BEGIN
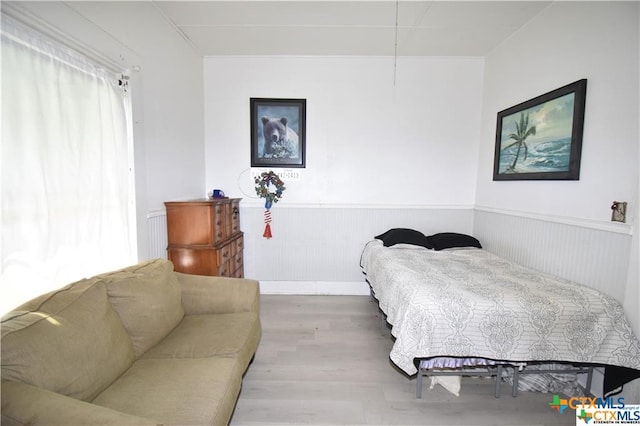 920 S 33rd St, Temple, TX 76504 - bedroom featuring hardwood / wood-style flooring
END
BEGIN
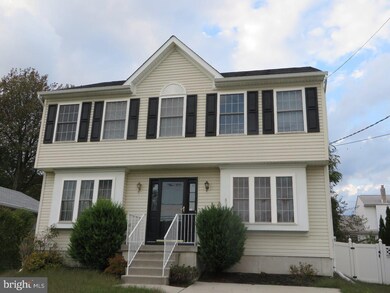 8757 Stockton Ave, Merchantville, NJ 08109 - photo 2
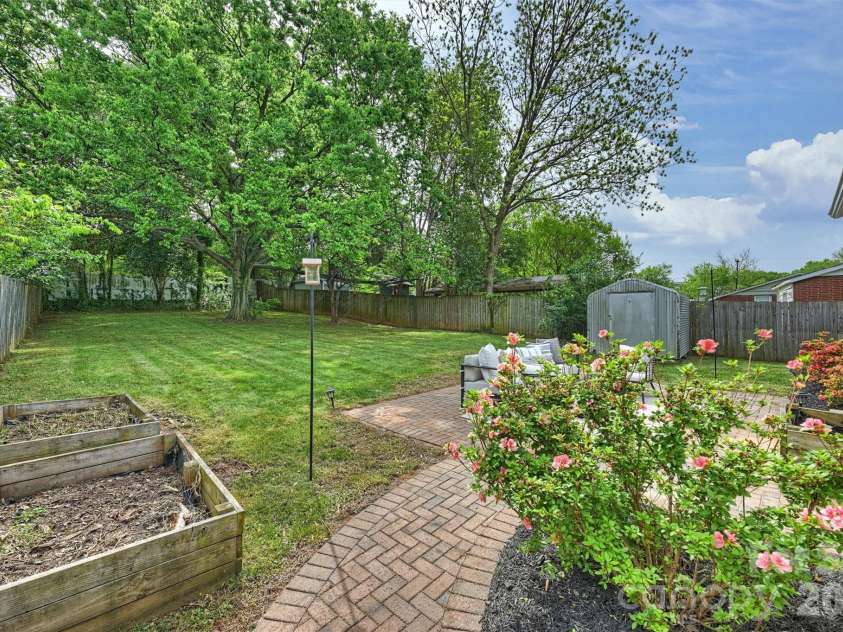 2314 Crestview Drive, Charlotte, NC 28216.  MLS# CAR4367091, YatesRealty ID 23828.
END
In the records above, find the line with "8757 Stockton Ave, Merchantville, NJ" and the line with "2314 Crestview Drive, Charlotte, NC", then restate word for word only those two lines and all lines between, omitting pictures.

 8757 Stockton Ave, Merchantville, NJ 08109 - photo 2
 2314 Crestview Drive, Charlotte, NC 28216.  MLS# CAR4367091, YatesRealty ID 23828.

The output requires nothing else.